Hu’s protégé, Premier Li Keqiang, leaves the standing committee in early retirement that will quell any acts of dissent
MADRID, 22 Oct. (EUROPA PRESS) –
The closing session of the XX Congress of the Communist Party of China this Saturday was marked by an unusual scene: the escorted out of the country’s former president Hu Jintao (2003-2013) in full session, under the gaze of the man next to him that has succeeded him in power and is heading for a historic third consecutive term in the party’s general secretary, Xi Jinping, absolute guide of the country’s destinies for at least the next five years.
The Chinese authorities have not yet offered an explanation for what happened. Footage shows a janitor trying to lift Hu from his seat as the former president appears to resist. Finally, the 79-year-old political veteran stands up and says a few words behind Xi’s back, who just nods, before clapping Prime Minister Li Keqiang, his former protégé, on the shoulder and heading off. at the exit between the shots of the cameras that are capturing the moment.
Experts’ interpretations range from a public act of purge to a forced exit out of unrest — Hu had already shown signs of weakness during the opening session of Congress last week. The only point in common is the humiliation represented for Hu by the fact of leaving, forced, from a place that he has resisted leaving since his arrival in power: the main bench of the hemicycle.
According to CNN, Chinese social networks, highly controlled by the authorities, have not echoed this moment and the US network’s own broadcast in the country was “censored live” when dealing with what happened.
The final greeting between Hu and Prime Minister Li has recalled the ties that both had in the Youth League of the Communist Party, an organization that has become the seed of the political elite — from which Xi was excluded — that accompanied the former president during his mandate, characterized in part by some internal dialogue within the factions of the party.
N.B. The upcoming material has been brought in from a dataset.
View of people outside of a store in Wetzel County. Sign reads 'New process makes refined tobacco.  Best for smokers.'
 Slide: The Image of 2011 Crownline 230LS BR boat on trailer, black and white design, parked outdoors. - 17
Thus ends his career which, recalls the CIDOB institute of international studies, was the first leader of the Communist Party of China who did not know the Japanese occupation, the civil war and the triumph of the Revolution as an adult; with an incident that partly refers to what happened in 2007, when a then-weakened Hu Jintao set out to entrench himself in power after removing supporters of former president Jiang Zemin from the party. Jiang’s final “gift” was to elevate Xi into China’s political elite, with long-term victory in mind.
“Hu Jintao has represented a very different China than Xi Jinping. He led a much more collective leadership and had to balance various factions represented on the Politburo Standing Committee. The Hu years were seen as a time of opening up to the outside world and greater tolerance for new ideas,” explains BBC China analyst and correspondent Stephen McDonnell.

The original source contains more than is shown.